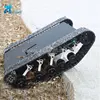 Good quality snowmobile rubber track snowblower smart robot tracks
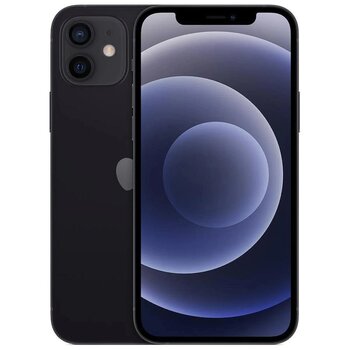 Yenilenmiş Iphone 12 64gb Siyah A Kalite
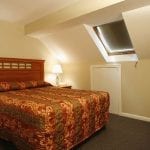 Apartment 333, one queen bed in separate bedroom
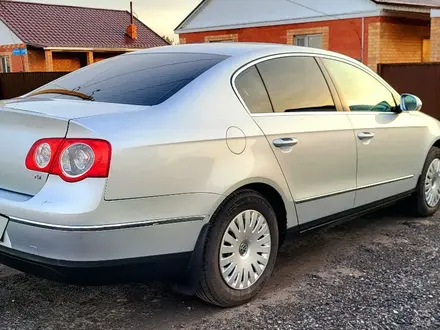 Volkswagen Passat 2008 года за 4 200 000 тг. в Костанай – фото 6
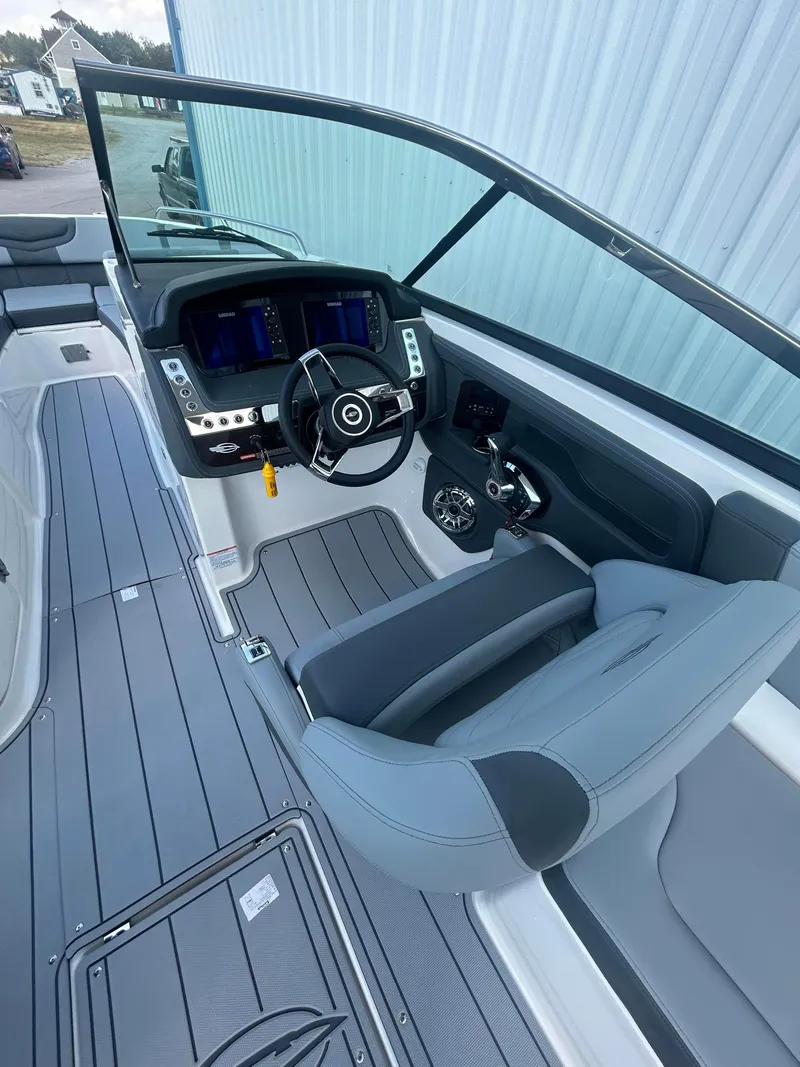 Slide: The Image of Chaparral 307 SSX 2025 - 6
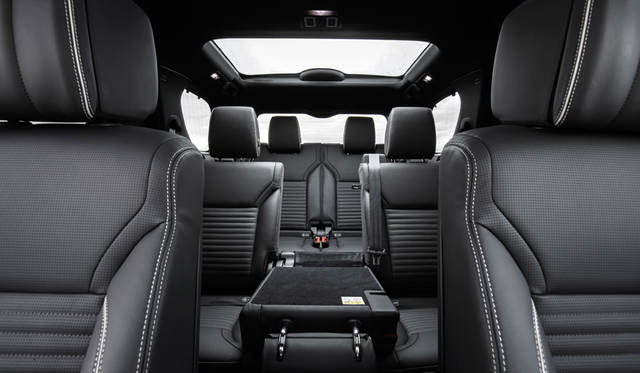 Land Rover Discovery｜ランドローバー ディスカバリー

...

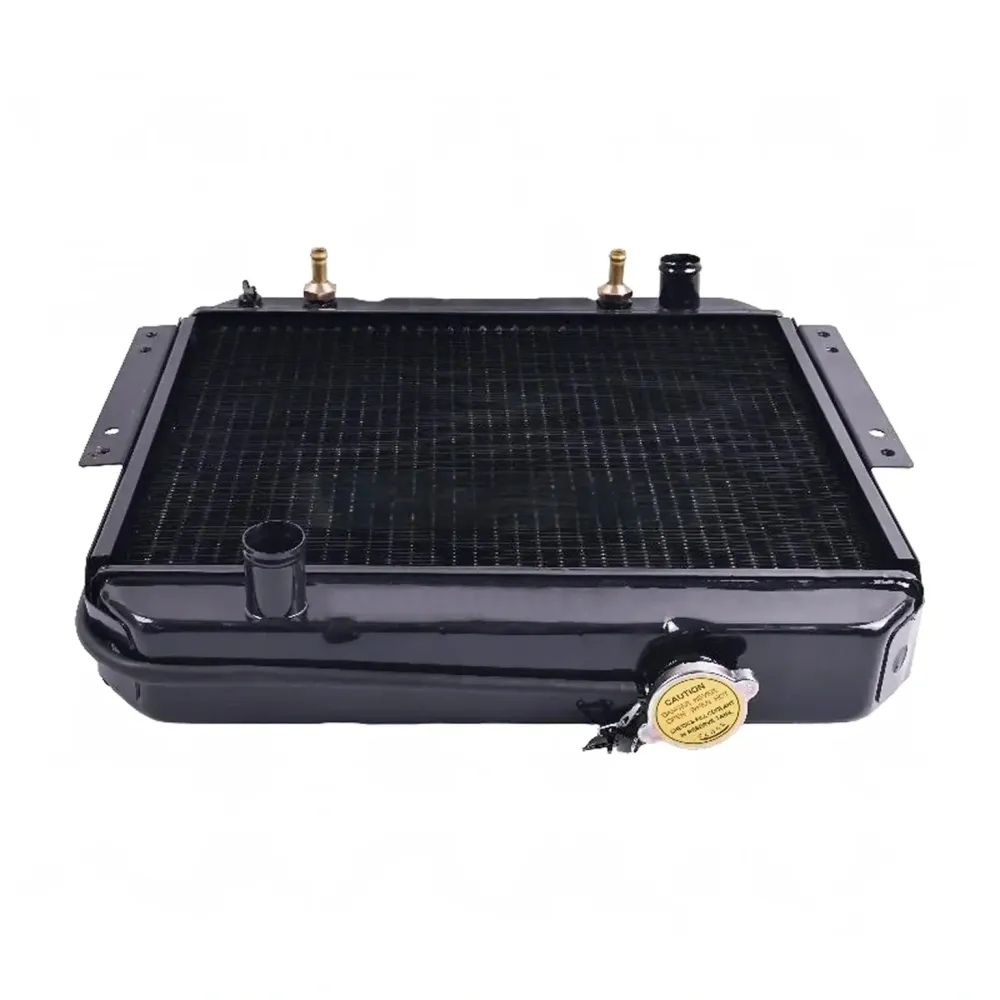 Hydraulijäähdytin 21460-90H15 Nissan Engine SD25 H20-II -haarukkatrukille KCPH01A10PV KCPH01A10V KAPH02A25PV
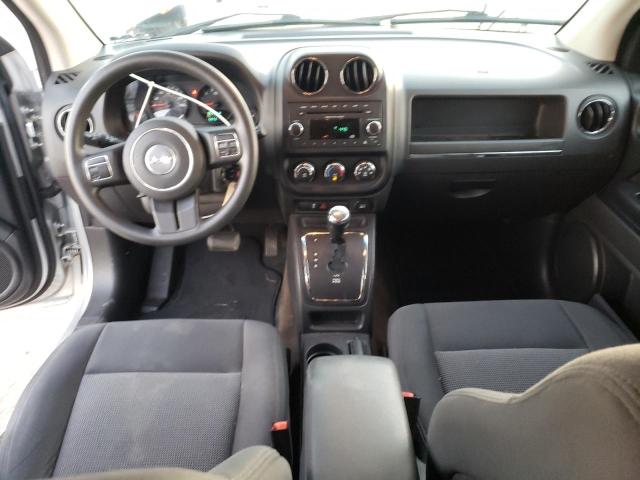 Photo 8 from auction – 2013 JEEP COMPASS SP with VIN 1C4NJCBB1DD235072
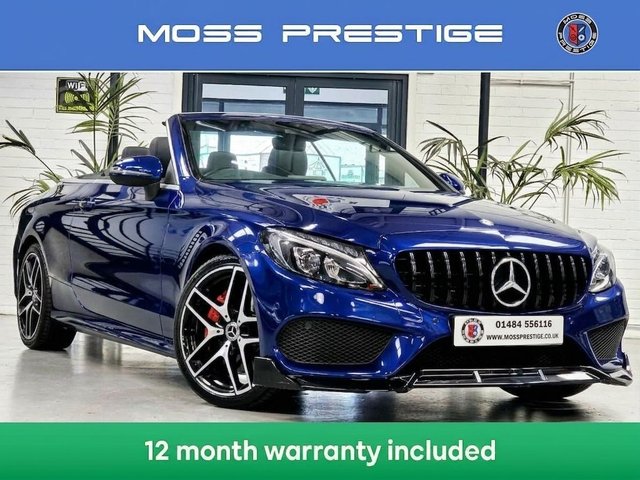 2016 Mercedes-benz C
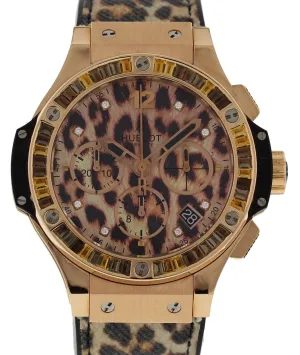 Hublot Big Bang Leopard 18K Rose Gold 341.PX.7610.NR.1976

* * *

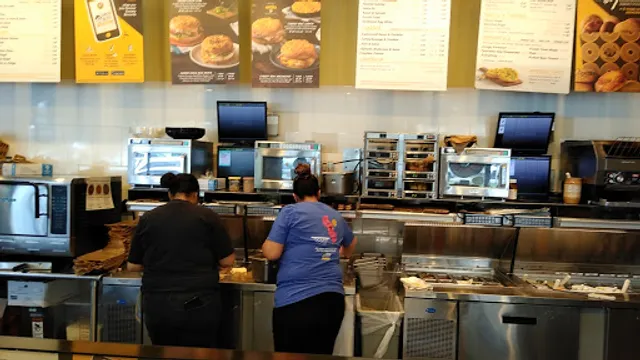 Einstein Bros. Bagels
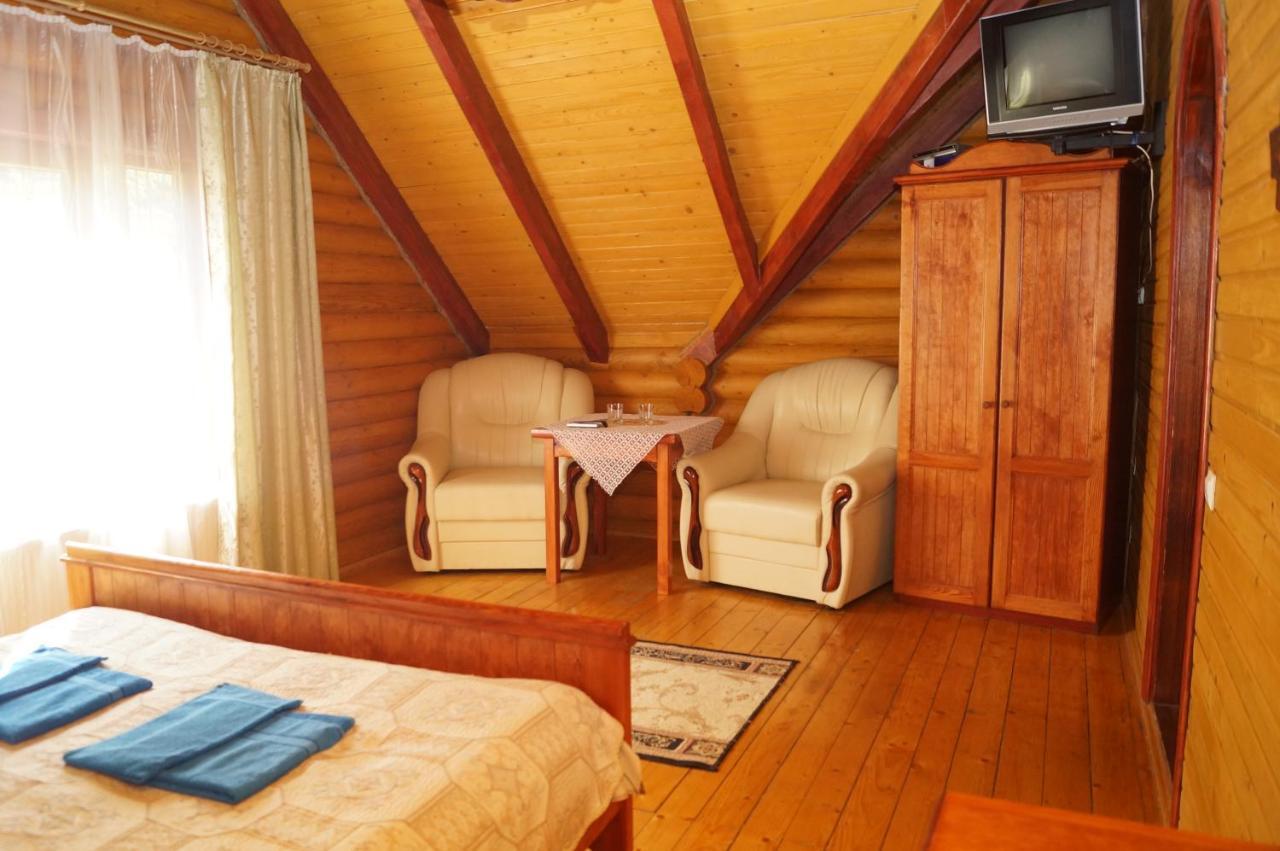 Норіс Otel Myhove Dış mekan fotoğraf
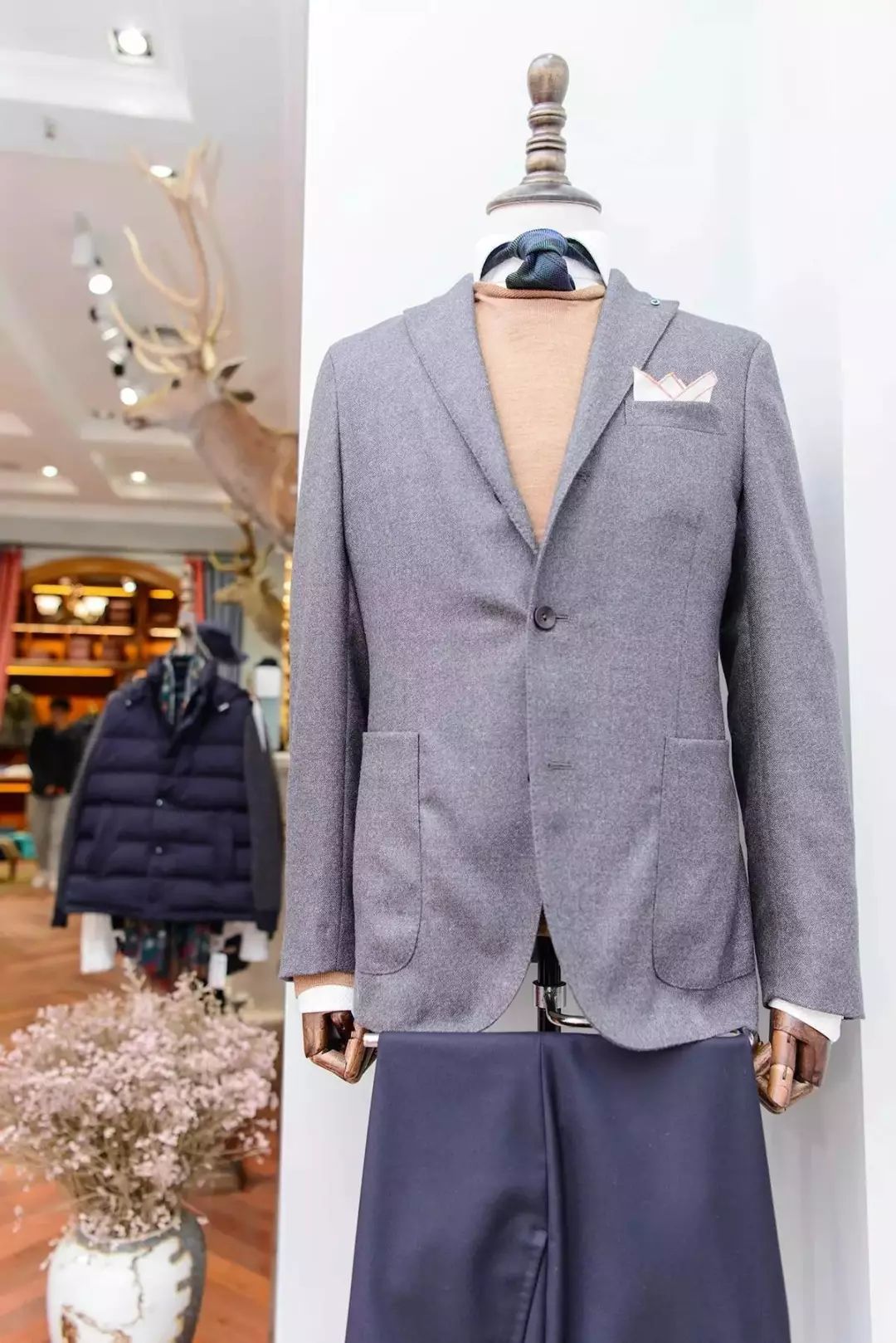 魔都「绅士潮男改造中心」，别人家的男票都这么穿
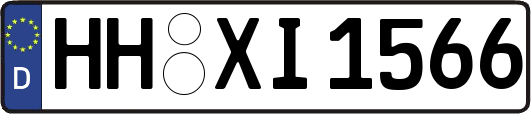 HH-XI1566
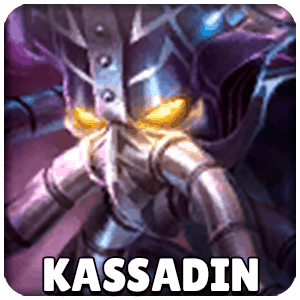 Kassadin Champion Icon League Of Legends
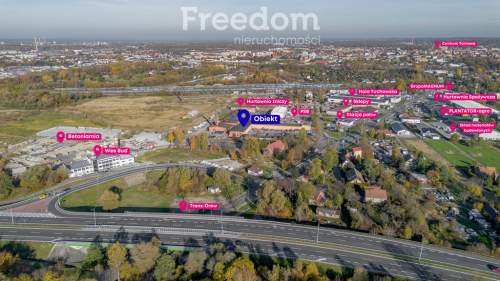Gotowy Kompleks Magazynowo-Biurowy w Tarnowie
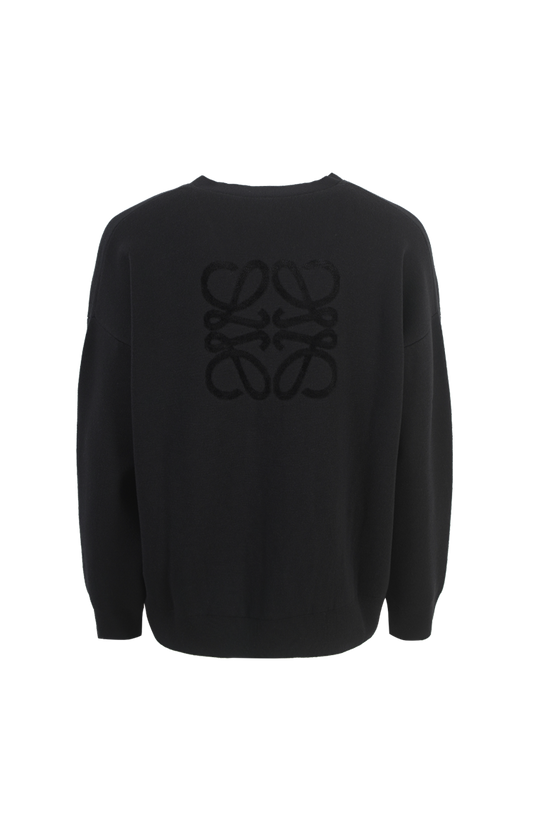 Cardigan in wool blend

The problem — Take the material above from the line bearing "Good quality snowmobile" through the line bearing "Land Rover Discovery｜ランドローバー ディスカバリー" and write it out exactly, both end lines included. Pictures stay out.

Your solution —
 Good quality snowmobile rubber track snowblower smart robot tracks
 Yenilenmiş Iphone 12 64gb Siyah A Kalite
 Apartment 333, one queen bed in separate bedroom
 Volkswagen Passat 2008 года за 4 200 000 тг. в Костанай – фото 6
 Slide: The Image of Chaparral 307 SSX 2025 - 6
 Land Rover Discovery｜ランドローバー ディスカバリー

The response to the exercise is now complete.